Tuesday, February 21, 2012

~now i'm aiming for heaven, but probably wind up down in hell~

somewhere along the line i decided i wanted a sacred heart tattoo.  not in a visible spot, not to show off some sailor jerry rip-off shit, but just... to be there.  for me.  when i tell friends that, they often ask why, i haven't been a practicing catholic in decades. aye, but once i was a devout, church every sunday, praying daily kind of catholic.  and that's a stain you can't wash off.  
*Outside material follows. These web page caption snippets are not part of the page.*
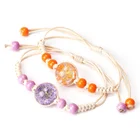 LY white rope violet dry flower with ceramic beads glass bracelet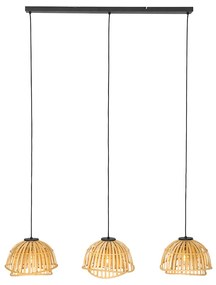 Oosterse hanglamp zwart met naturel bamboe 3-lichts - Pua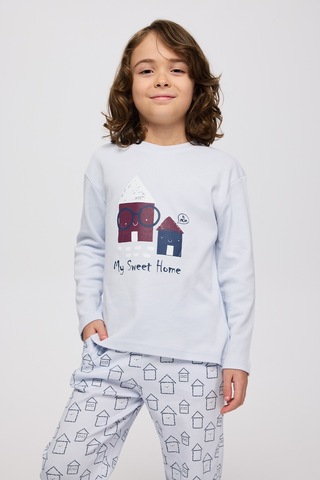 Panço Erkek Çocuk Ev Desenli Pijama Takımı Mavi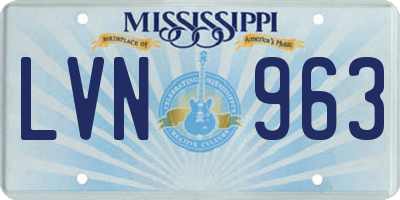 MS license plate LVN963
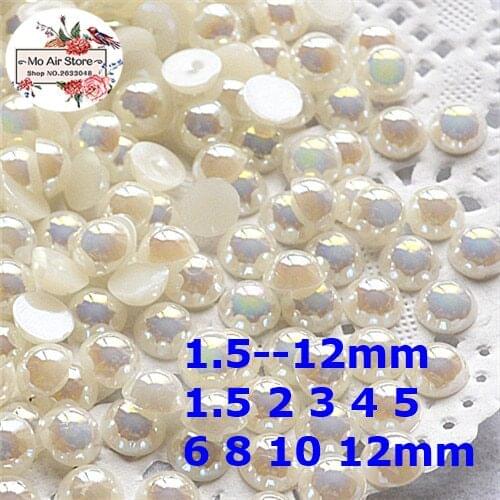 Ivory AB half round pearl Beads ABS Resin Flatback cabochon Simulated pearl Beads 2mm/3mm/4mm/5mm/6mm/8mm/10mm/12mm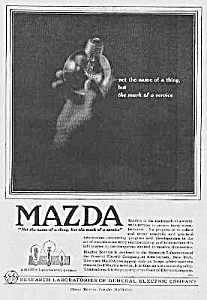 Wonderful 1918 Art Deco Mazda Light Bulb Ad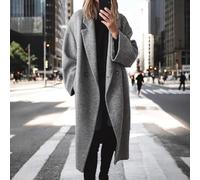 Langer Wollmantel für Damen mit Strickjacken-Ausschnitt und Mikroelastizität für bequeme tägliche Oberbekleidung (L Grau)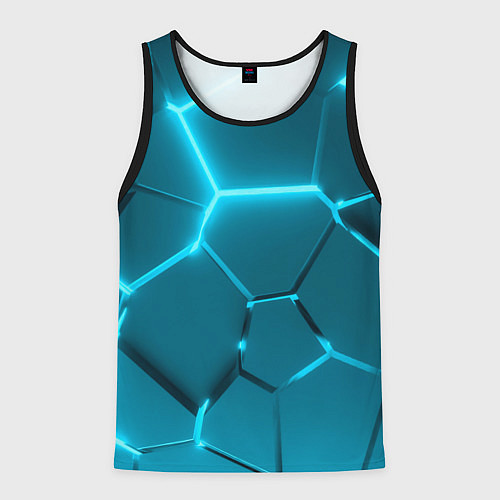 Мужская майка без рукавов Ледяные неоновые геометрические плиты / 3D-Черный – фото 1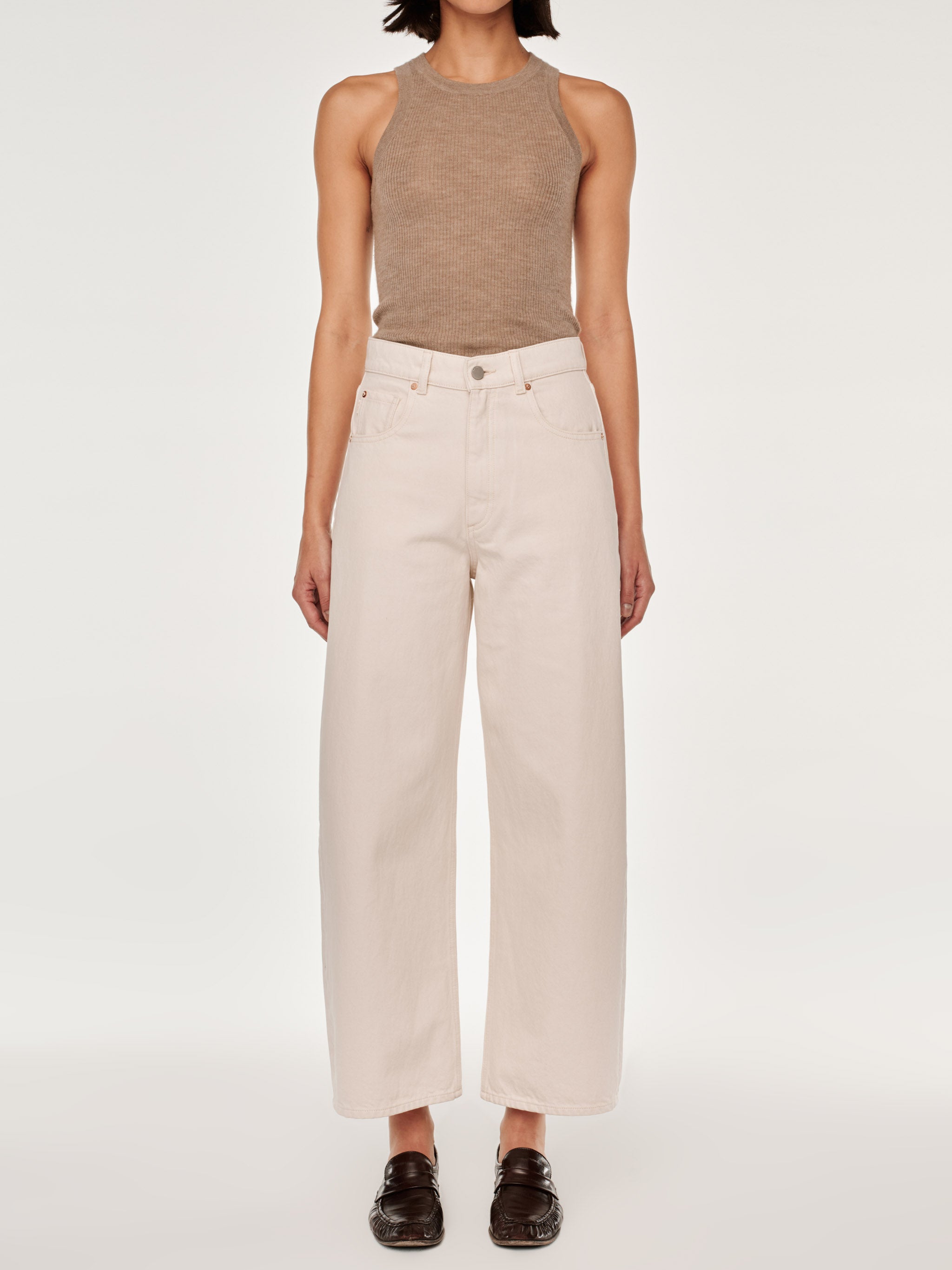 women's barrel white jean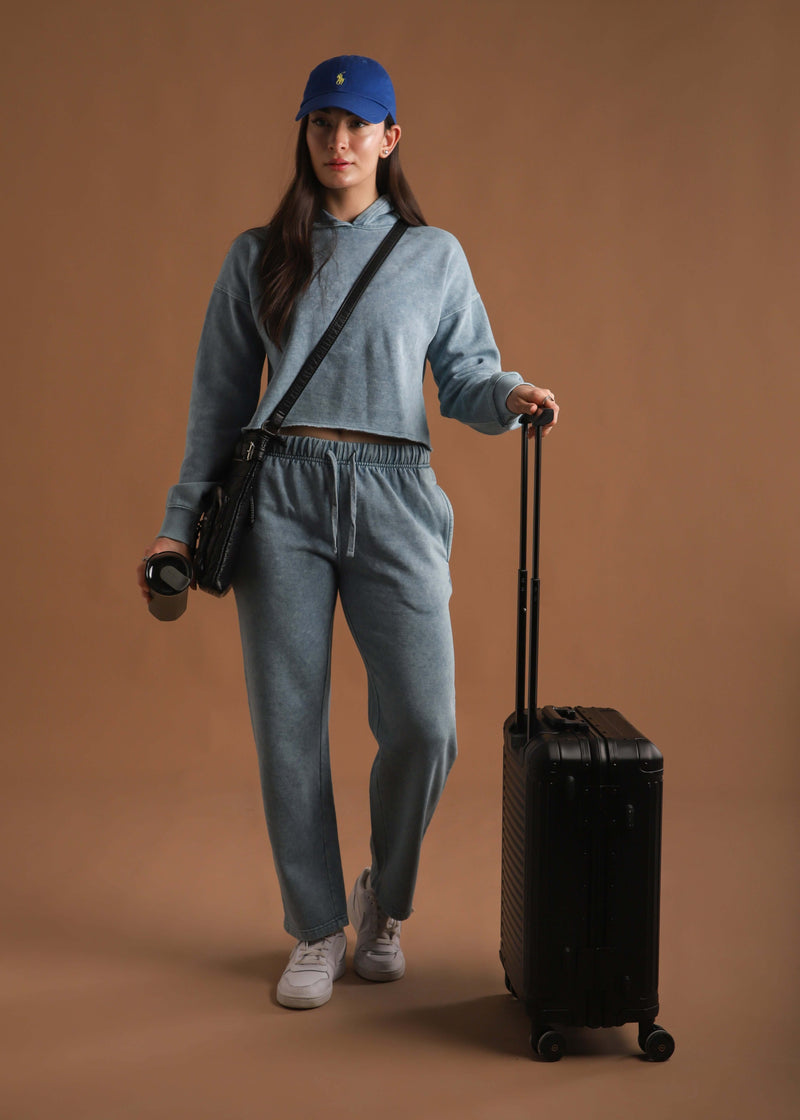 Vintage wash cropped hood set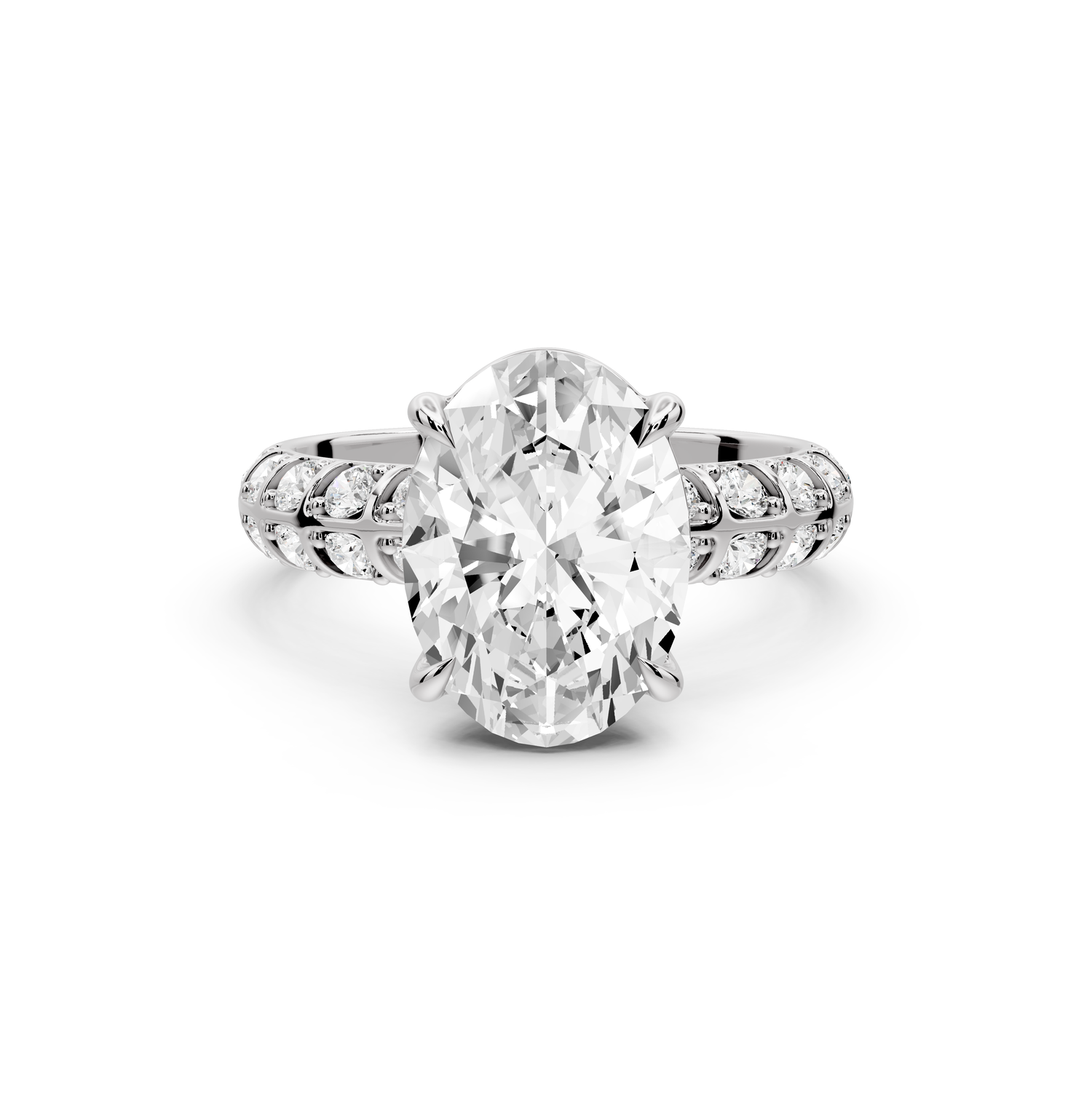 Jessica - 3ct platinum Oval Split-Shank Engagement Ring with Double-Row Shared-Prong Pavé Band
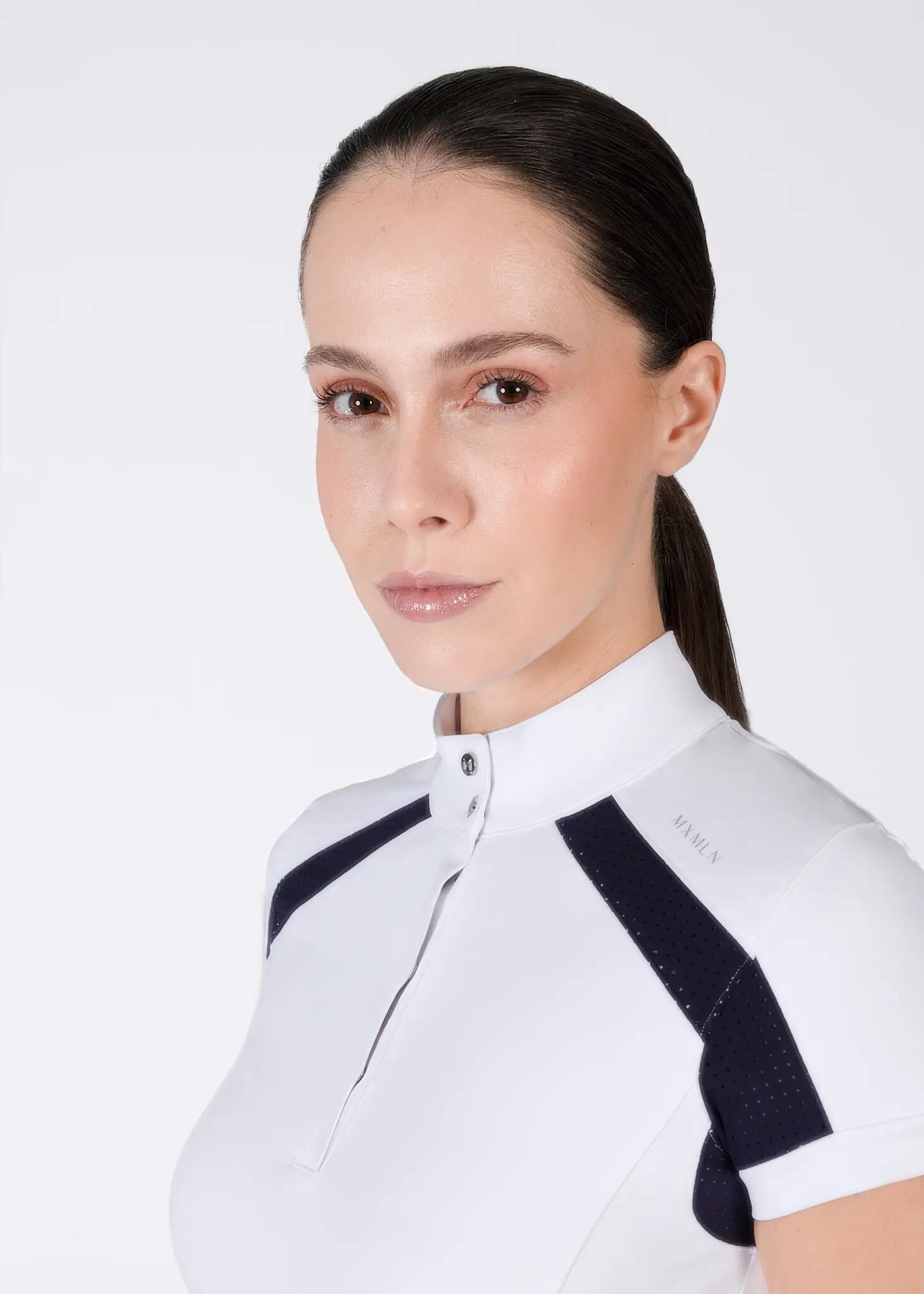 Camisa de Concurso Manga Corta Mujer Equitación Maximilian Aveen Blanco/Marino 5/6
i've been wrestling with catholicism lately.  some people go hard when they go back to religion, they do the whole nine yards.  not me.  i've fallen back in like a good irish catholic, lazy and guilty.  but this time without the motivation of belief.  we want to get minerva baptized, as eric says "it's soul insurance."  thus, i began going to church again.  and every single mass i attend reminds me of why i quit in the first place. oh catholicism, you tricky fucker.  while its lovely that you think all people are equal and we were all created by god, fuck you, marriage is for everybody, no, i don't pray for an end to abortion, and you damned well better get fined for not covering birth control for your employees.  this past sunday the bishop was in, and halfway through his little speech on all the 'problems' facing the catholic church nowadays i became so angry i packed minerva back into her carrier and we left.  i was near tears, i felt crushed and betrayed, by them and by myself.  how could i be so stupid to think i could handle the same bullshit that drove me away almost twenty years ago?  how could they be so ignorant and hateful?  how dare i consider this as something i wanted in my daughter's life?  then i stop and think about my own mother, where many of my beliefs came from.  she did this same thing, and for 13 years, no less.  and look how i turned out. (yeah yeah, say what you will...)  i do not walk the party line as far as the socio-political bullshit is concerned, but i have the guilt, the charity, and the desire to make the world a better place whether or not it benefits me.  can't i just instill these morals in minerva without subjecting her to some jackass in a funny hat?  

eric asked me whether my problem was catholicism, or the people running it, and reminded me of a moment around thanksgiving.  i was having a discussion with my grandmother and a great-aunt of mine who happens to be a nun.  she expressed that she was not fond of the current bishop, which i found terribly interesting.  another great-aunt-nun of mine (yes, that makes 2 nuns, to top it all off there's a priest somewhere in ireland) stated that she disliked the latest pope.  dissent!  and it was not a sinful thing!  perhaps i was getting too wrapped up in what this man that even others who had dedicated their lives to god did not agree with entirely had to say.  (that sentence is clumsy, but its midnight so it stays) i just don't think i can make the kind of sacrifice of time and morals that my mother made to bring me all the way through confirmation.  if my grandfather were still alive, he would get her baptized whether i was on board or not.  perhaps i owe it to him, and my ancestry, and my culture, to do this.